Being selfish and 3 other tips for your job search

For job seekers who are being held back in their search for employment, understand that nothing should hold you back from doing what’s necessary.

Selfish job search

After sitting with a client to talk about her job search and realizing she wasn’t allowed to conduct it the way she had to, I lectured her on how nothing should impede her progress. She was surprised by my stern voice, but I think she got the message.

We often think of the job search as consisting of writing our marketing documents, preparing for interviews, networking, and using LinkedIn. But there are intangible factors that need to be considered by the job seeker; the first of which is being selfish. Maybe this isn’t the optimal word, but it comes down to demanding the time you need to conduct a successful job search.

Being selfish (demand the time you need)

This is one of the messages I impart to my Introduction to the Job Search workshop attendees. I tell them, “OK, I need to tell you something; and I want you to listen.”  And for effect I pause to make sure all eyes are on me. They must think I’m going to say something brilliant, but what I tell them is:

In your job search, you can’t let anyone get in your way of looking for a job. You can’t let anyone tell you to watch the kids or grandchildren. You can’t let anyone tell you to do some errands that will take up your whole day. No home projects, unless the pipes have burst. Do you get what I mean?

Almost everyone of my attendees nod in agreement; some lower their head and look at the desk. After another moment of pause, I tell them that there are other things to consider when they’re conducting their job search. Things other than their résumé and interviewing skills.  

Show a positive attitude

Throughout your job search, it’s important to display a positive attitude. The operative word is “display.” I’m not going to preach the importance of feeling positive and all happy inside. I’ve been unemployed and know how it sucks, so how you feel is really a personal matter.

I am, however, advising you to appear positive. This begins with the way you dress for the day. Because it is entirely possible that you may run into someone who may have the authority to hire you or know someone who has the authority to hire you, it’s important that you are dressed well. Not to the 9’s mind you, but certainly not in sweat pants and a Tee-shirt.

Other ways to show a positive attitude have more to do with your behavior, such as suppressing anger, wearing a friendlier countenance, making an attempt to be more outgoing, and (this is tough) not showing your desperation.

One of my customers comes across as angry. He always mentions how long he’s been out of work when asked to talk about himself, a no-no when asked to explain the value you present to employers. (This also applies to your presence on LinkedIn.)

Be dedicated to your job search, but don’t burn out

If you’re going to demand the time it takes to conduct your job search, you have to show your loved ones that you are serious about your job search; not rising late, lounging in you pajamas, watching Ellen, going out with the buds at night, etc.

How can you rightfully deny those around you who need your assistance when they don’t see any effort from you? You can’t. They don’t see any dedication in the job search from you, so naturally they’ll want you to pull your weight in other ways.

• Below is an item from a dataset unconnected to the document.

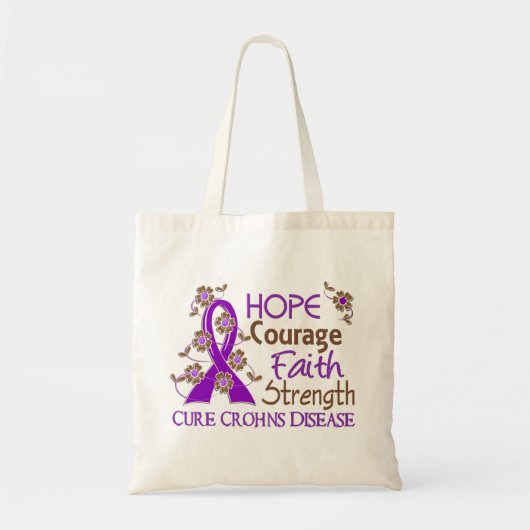 Hope Courage Faith Strength 3 Crohn's Disease Tote Bag (Voorkant)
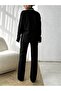 Women's Buttoned Jacket-Pants Shepherd Stitched Knitwear Set Black - 6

I ask my customers how many hours they worked a week when employed. Most of them report more than 40 hours. I then ask them if they need to dedicate this much time to their job search–to which they say yes.

To their surprise, I disagree with them. Twenty-five to 30 hours a week is plenty, I tell them. Any more than this may lead to burn out. I say look smarter, not harder. But looking smarter requires a well thought-out plan.

Have a plan 

The best way to strive toward a goal is by creating a Career Action Plan (CAP) and following it as closely as you can. Sure there will be times when you slip and miss a date or change your plan around. This should not discourage you and cause you to abandon your plan. Your plan may look similar to this:

  1. Early-morning: take a walk or go to the gym, then eat breakfast.
  2. Mid-morning: attend a networking group, or go to workshops at your local career center.
  3. Noon: gather with some networking buddies for lunch (you can write these lunches off).
  4. Mid-afternoon: Volunteer at an organization where you’re utilizing your skills and learning new ones.
  5. Evening: eat dinner with family or friends.
  6. Early-evening: use LinkedIn to connect with more people.

Note: Your activities will vary from day to day, and you may include other activities, such as meeting with recruiters or using job boards or going door-to-door and dropping off a résumé (yes, this works); but the outline is similar.

When you show those around you your CAP they’ll realize you’re serious about your job search and will most likely encourage you to follow through with your objectives. Keep them updated during your week to show them your progress, or post it on the refrigerator. Most importantly you’ll feel better about your job search, especially if you’re meeting the majority of your objectives.

Back to my client

Being selfish…I mean demanding time for their job search…is difficult for some folks, who feel the need to be of help to others before helping themselves. But it’s a necessary component of a successful job search . Of course I stress to my workshop attendees the importance of supporting those around them when they have spare time…but only when they have spare time.